This entry is a repeat of one that I did at the start of the summer. We have spent this week, the Labor Day week-end and following days, at our cottage in Maine, and I have been thinking a great deal about time, The cottage is on a tidal pond, and, if you are at all inclined to think in metaphors, the rising and falling tides are significant. Coupling the tides with my usual musings about life, I have been especially grateful for this summer. I think it has been the first time in years that summer really felt different from the rest of the year Ordinarily, even though the weather is better, my daily schedule does not change much. With this spot in my life, we have been here as often as possible, and I have loved the rhytms and the time.
So, here is the early summer essay with the coda of fall, and my gratitude for this patricular time in my life
Yesterday I had lunch with a dear friend who has lived through three separate breast cancer experiences. She has been well now for many years, but, of course, still carries some worry about her future health. We were talking about the usual daily events of our lives and the rather small difference that the season makes. That is, neither of us has had a summer off for decades, and we basically get up and come to work everyday irregardless of the time of year. We agreed that we do make some small adjustments for summer and are certainly grateful for the reduced traffic and quicker commutes. I try hard to patrol my garden every morning to note what has changed in the past day, and we eat dinner nightly on the front porch. But the daily routine of early awakening, gym, work, dinner, probably more work, a little reading, and then sleep does not change.

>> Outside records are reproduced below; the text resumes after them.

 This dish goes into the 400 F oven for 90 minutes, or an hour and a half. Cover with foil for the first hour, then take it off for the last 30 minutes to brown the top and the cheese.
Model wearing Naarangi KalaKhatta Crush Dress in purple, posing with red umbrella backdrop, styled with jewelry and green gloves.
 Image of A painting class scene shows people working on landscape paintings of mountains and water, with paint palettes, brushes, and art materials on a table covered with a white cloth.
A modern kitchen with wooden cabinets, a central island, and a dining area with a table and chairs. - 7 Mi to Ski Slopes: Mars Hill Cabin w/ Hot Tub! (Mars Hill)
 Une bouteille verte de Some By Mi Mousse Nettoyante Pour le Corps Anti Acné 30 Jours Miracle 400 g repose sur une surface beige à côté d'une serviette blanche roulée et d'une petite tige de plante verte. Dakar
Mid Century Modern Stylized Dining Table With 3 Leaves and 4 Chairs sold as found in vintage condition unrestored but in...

My friend told me that she had a similar conversation with her sister who interrupted her to say: "Just how many summers do you think you have left?" This had been a stunning question that resulted in my friend's decision to make quite a few changes to her summer plans. Her sister has blessedly never has had cancer or other major health problems, but she is in her 50s and has the healthy awareness that life is not infinite. At some point, even without particular health concerns, we are not as hale and hardy as we have been, and some trips or activities or possibilities may no longer be reasonable.

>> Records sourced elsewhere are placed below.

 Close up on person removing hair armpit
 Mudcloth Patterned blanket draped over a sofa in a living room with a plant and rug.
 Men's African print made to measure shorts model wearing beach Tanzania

With this conversation buzzing in my head, I was amazed to talk later in the day with a patient who is a real estate agent. She told me that she had recently made a big sale of a house on Cape Cod by asking the nervous potential buyers: "How many summers do you think you have left?" The man, she said, almost immediately took out his checkbook, and they thanked her for helping them remember their priorities.

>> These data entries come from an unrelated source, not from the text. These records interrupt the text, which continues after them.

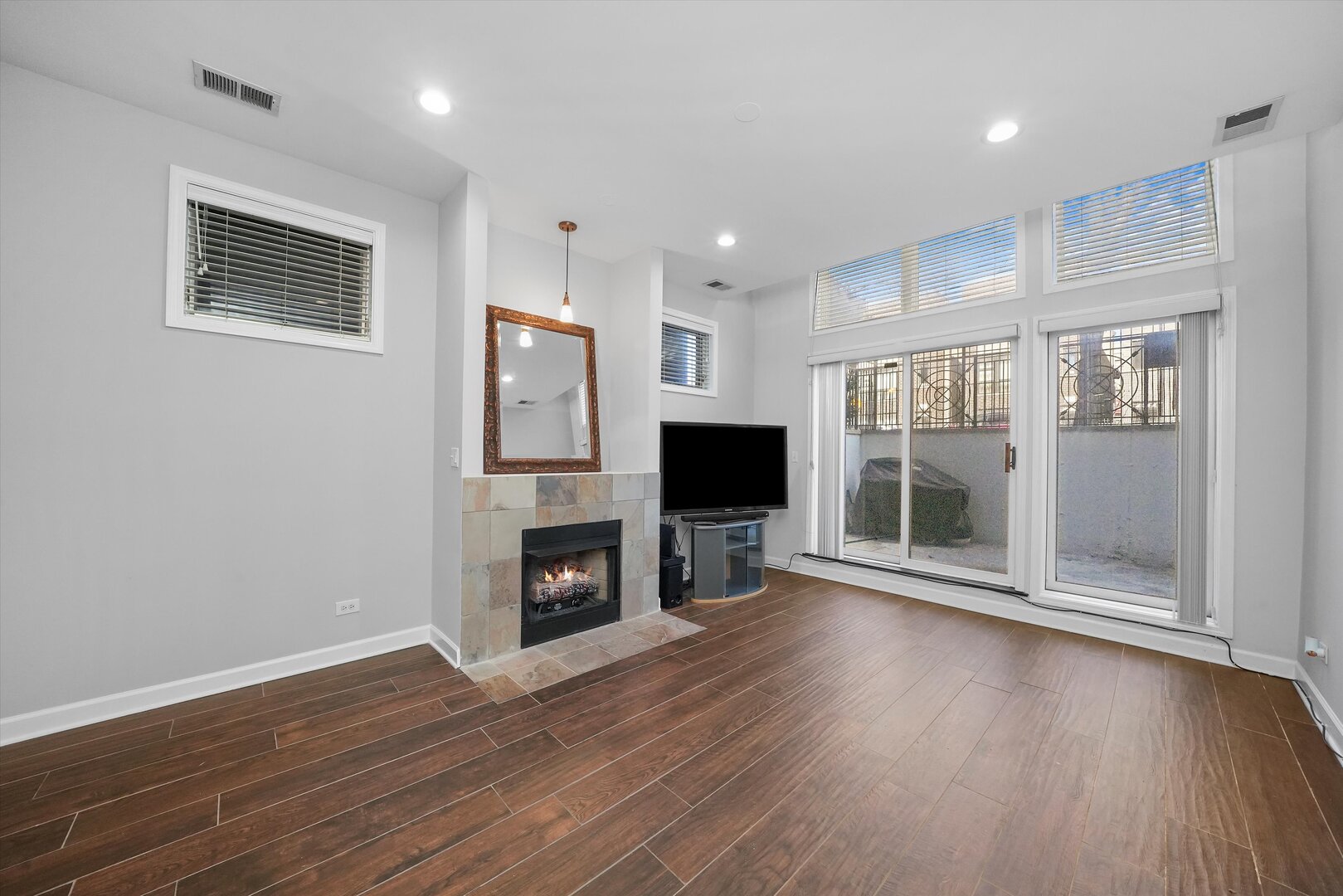 2515 West Harrison Street, Unit 1 Chicago, IL 60612 - Photo 25 of 43 a view of a livingroom with a fireplace wooden floor and window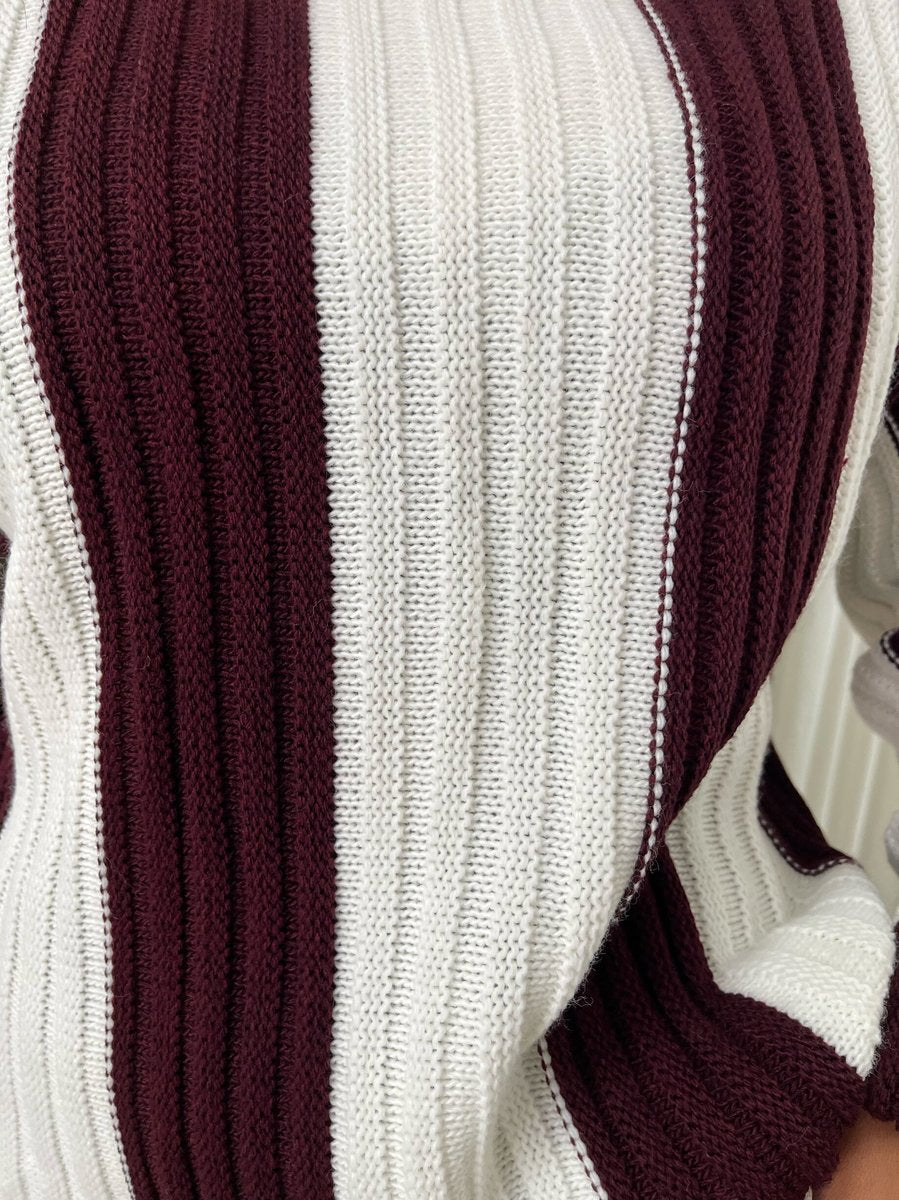 "A stylish roll neck stripe knitted jumper in soft, warm fabric, ideal for layering during chilly days."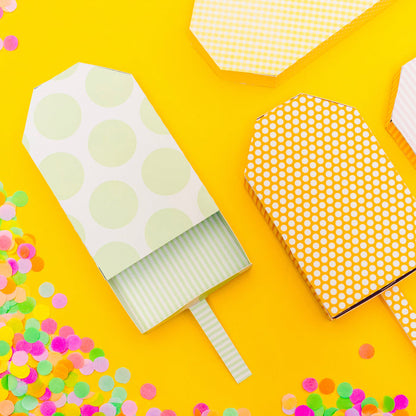 Decorative paper ice cream cones with polka dot patterns on a yellow background with colorful confetti.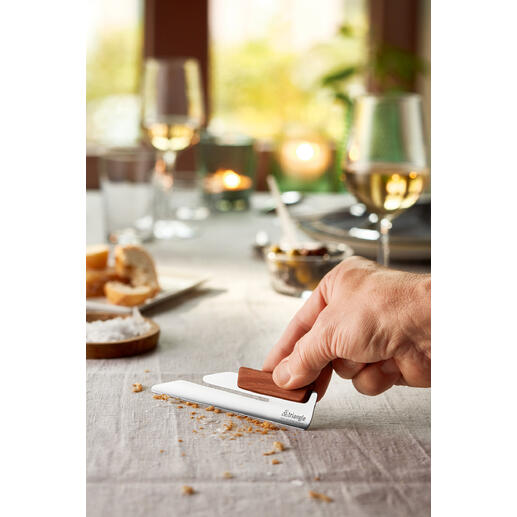 Hand laat de design kruimelvanger zien op een gedekte tafel met snacks.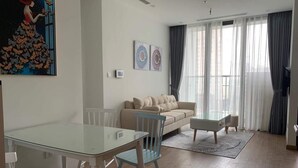 Un salon moderne avec une table à manger en verre, un canapé beige et une grande fenêtre agrémentée de rideaux.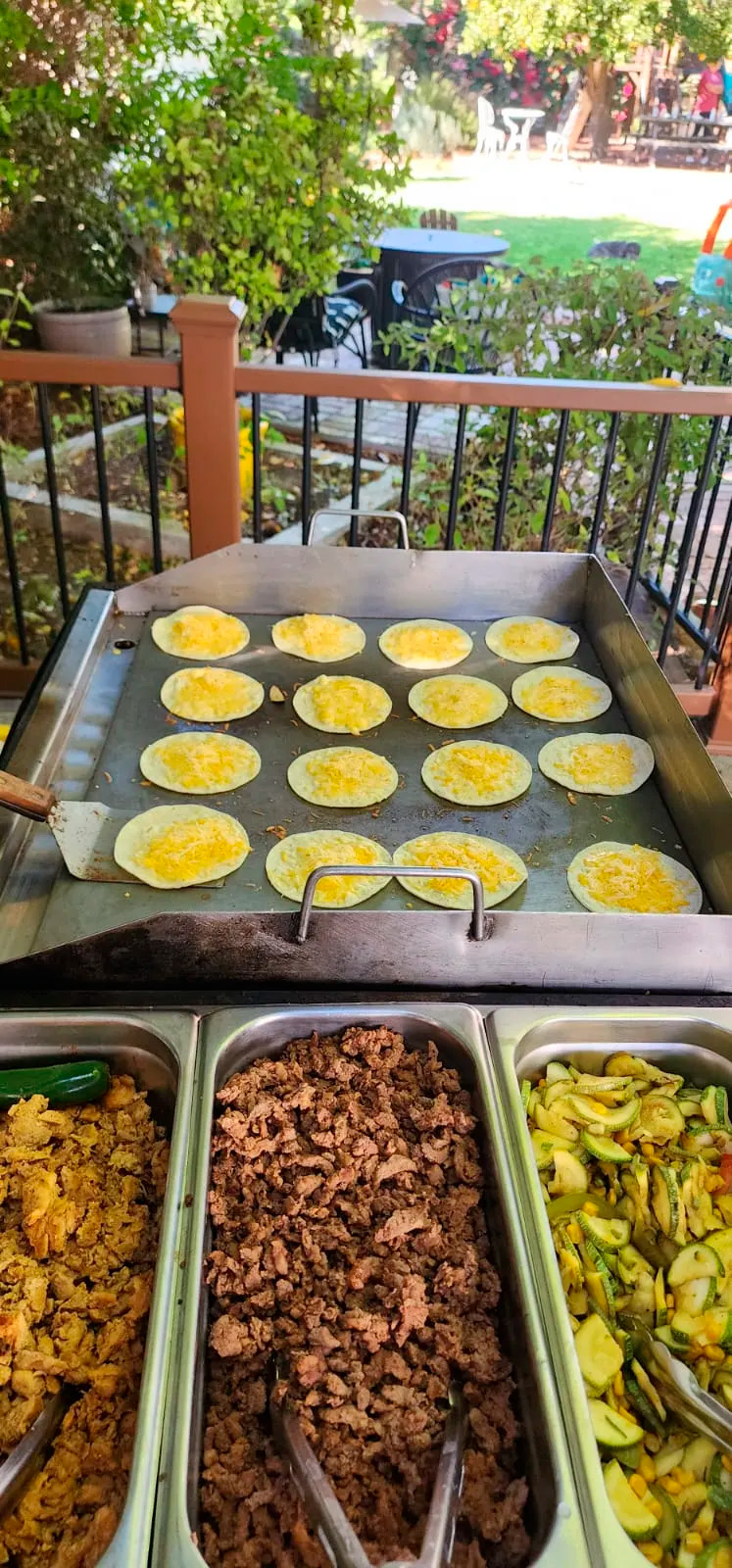 Tacolab LA live taco station during an event in Los Angeles. Fresh corn tortillas cooking on the grill with melted cheese, carne asada, chicken and grilled vegetables for our catering service.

Unfortunately, most of us cannot afford to buy a vacation home on the ocean, but we all can be and should be remembering those priorities. In the very best of circumstances, we don't have endless summers, and all of us who have been diagnosed with cancer should easily remember that. I certainly am not suggesting that we should wrap ourselves in worried and gloomy predictions, but that we should absolutely rejoice in the present and pay attention to all the cliches about "gathering our rosebuds while we may." I am almost embarrassed to write this as I really do resist all the directions aimed at cancer patients regarding positive attitudes, living in the moment, and appreciating what we have.
Framing these same thoughts in terms of summers is a more comfortable fit for me. I don't have all the answers yet (remember, this conversation took place only yesterday), but I am thinking about it. I started today a little differently by having coffee on the patio when I came home from the gym. This evening, I hope that my husband and I can take a walk after our porch dinner and, if we get home early enough, we might even get to the local band concert in the park.
How many summers do you think you have left? And how are you using this one?